China’s pivot to hard-core tech has been years in the making. It took off in earnest in 2018 after Washington banned exports of U.S. technology to ZTE Corp. The once-prominent telecom equipment giant had to shut down large swaths of its operations — laying bare Chinese companies’ vulnerability to American political decisions. The effort gained even more momentum with the blacklisting of Huawei, China’s leading maker of communications equipment and smartphones.
Now, China’s enthusiasm for fundamental technology has spread nationwide. In the city of Guiyang in southwest China, Angelo Yu, founder of Pix Moving, used to scratch his head trying to win over investors who questioned the capital-intensive, time-consuming nature of his autonomous driving business. But with Beijing’s clampdown on internet companies last year, all those doubts suddenly vanished.
“There is a sea change in investors’ attitude toward deep tech,” Yu said. “In 2020, whether or not we could fundraise was still a question mark. This year, fundraising isn’t an issue anymore. The question has become at what valuation we’d like to raise funding.”
Easier access to capital, combined with a greater demand for made-in-China tech solutions, has lured more talent to entrepreneurship. One prominent example is Yuan Jie, a professor at the Hong Kong University of Science and Technology.
The long-time academic spent much of his career helping global giants like Intel advance their chip technology. Now, Yuan has founded Atom Semiconductor Technologies to make his own silicon. Established in late 2020, the startup has completed two rounds of fundraising and quadrupled its valuation, paving the way for Yuan to commercialize his yearslong research.

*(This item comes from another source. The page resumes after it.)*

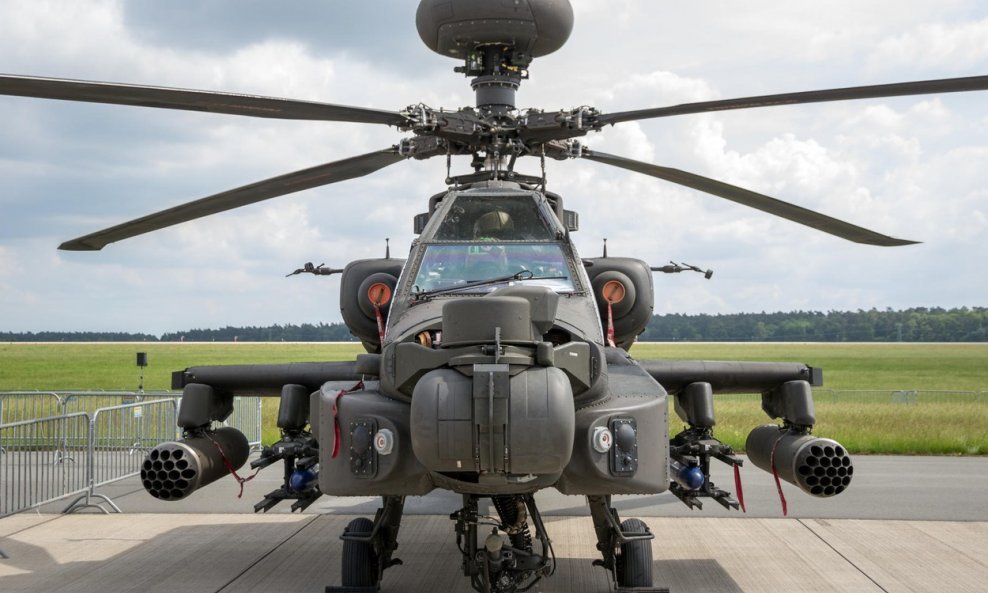 Apache AH-64 naoružan 'do zuba' uskoro bi mogao koristiti i lasere za uništavanje meta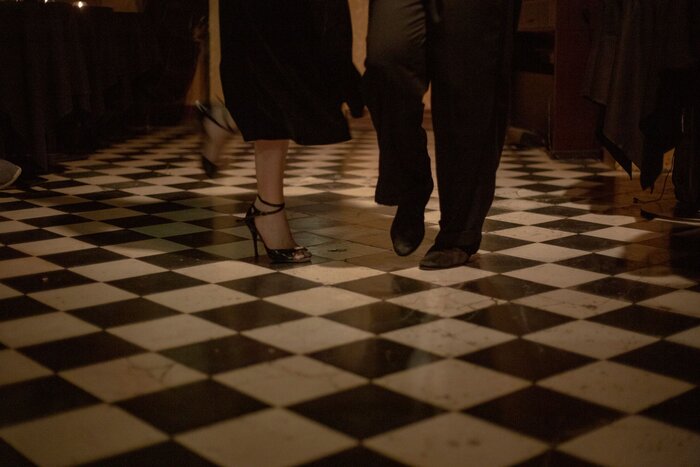 Der Tango entstand zwischen 1850 und 1880 im Hafenviertel La Boca (© visitargentina)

Beijing-based Sinovation Ventures, a technology venture firm founded by former Google executive Kai-Fu Lee, plans to spend every single dollar it raises this year on investments related to deep tech and life sciences. That’s up from about 10% that Lee allocated to those sectors in 2010.
Gary Rieschel, founding managing director of Qiming Venture Partners, says deep tech startups now account for about 40% of his firm’s portfolio, compared with 10% in 2014.
“That’s what you’re seeing with all the venture firms now,” Rieschel says. “They’re making those transitions.”